The resultant plan should interface with every other component of the franchised and company-owned system and enable management to perform their main management functions of planning, organizing, staffing, recruiting, directing, controlling, and expansion.
An Action Plan should be developed which will organize and schedule the tasks to be completed in implementing the plan. It should provide for controls and feedback to ensure a clear direction for the company.
Control over the timing of the plan’s implementation is critical. The way in which you implement your plan will bring home to your staff the fact that the plan has meaning and that you are serious about achieving your objectives. The plan describes what you want to happen. The implementation program ensures that something is going to happen.

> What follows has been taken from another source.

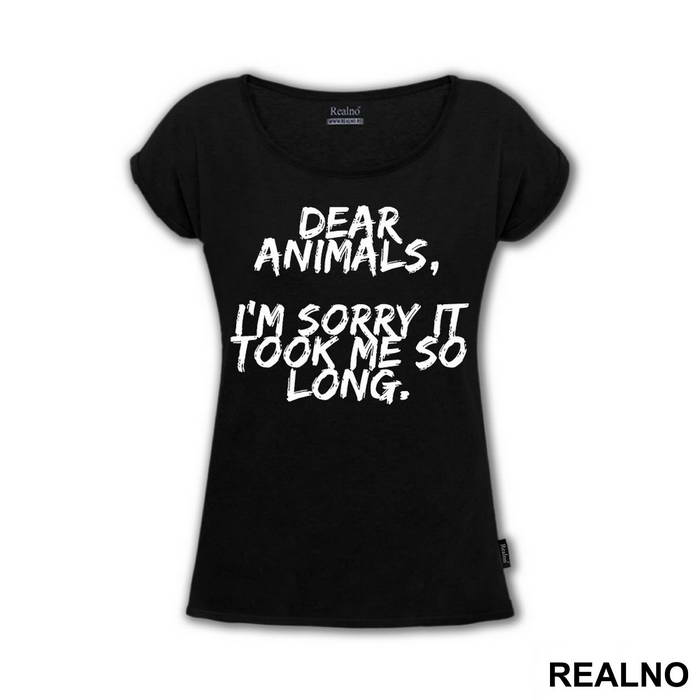 Dear Animals, I'm Sorry It Took Me So Long. - Vegan - Majica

Many business plans end without an effective implementation strategy. This is one of the major causes of strategic drift. Without a clear implementation plan, the business planning process is fairly useless as a management tool. The action plans should tie into the MBO program. Each component of the plan should have a detailed action plan with clearly defined timelines, milestones, and responsible individuals delineated.
The entire plan, if carefully developed, can be used to positively impact the progress of the business, identify quickly areas which are not performing, and alert you to opportunities which may be available if performance exceeds anticipations.

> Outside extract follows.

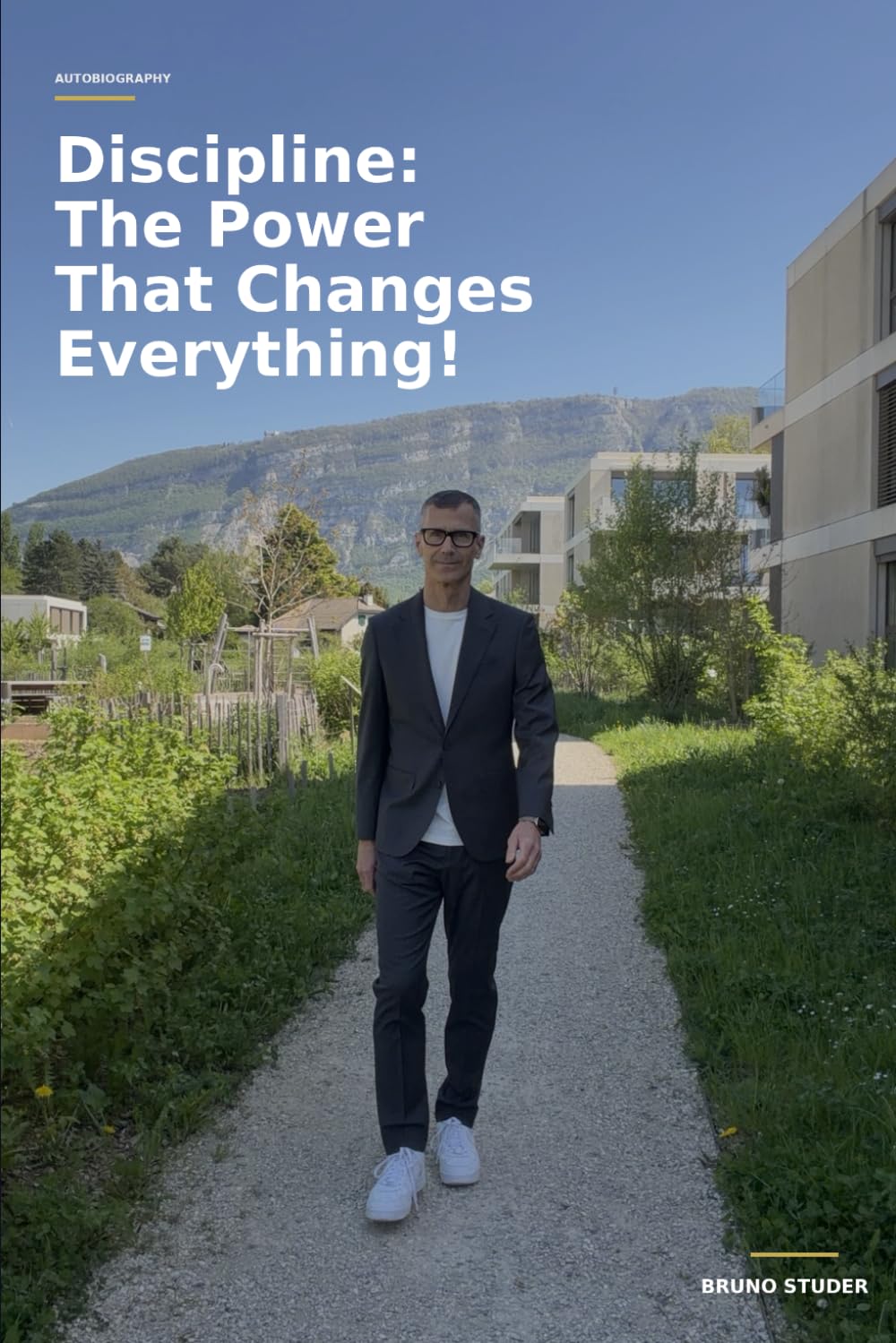 Discipline : The Power That Changes Everything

There are a number of items which may be included in the appendix. These should include documents that support or further explain strategies and policies expressed elsewhere in the plan. The appendix section is not a place to introduce new information.
Some of the items typically included in the appendix are:
- A glossary of technical terms, if appropriate
- Profiles of key members of management
- Market research studies
- Drawings and photographs of products, locations, etc.
- Detailed organizational chart
- Legal documents (UFOC, agreements, leases, abstracts, etc.)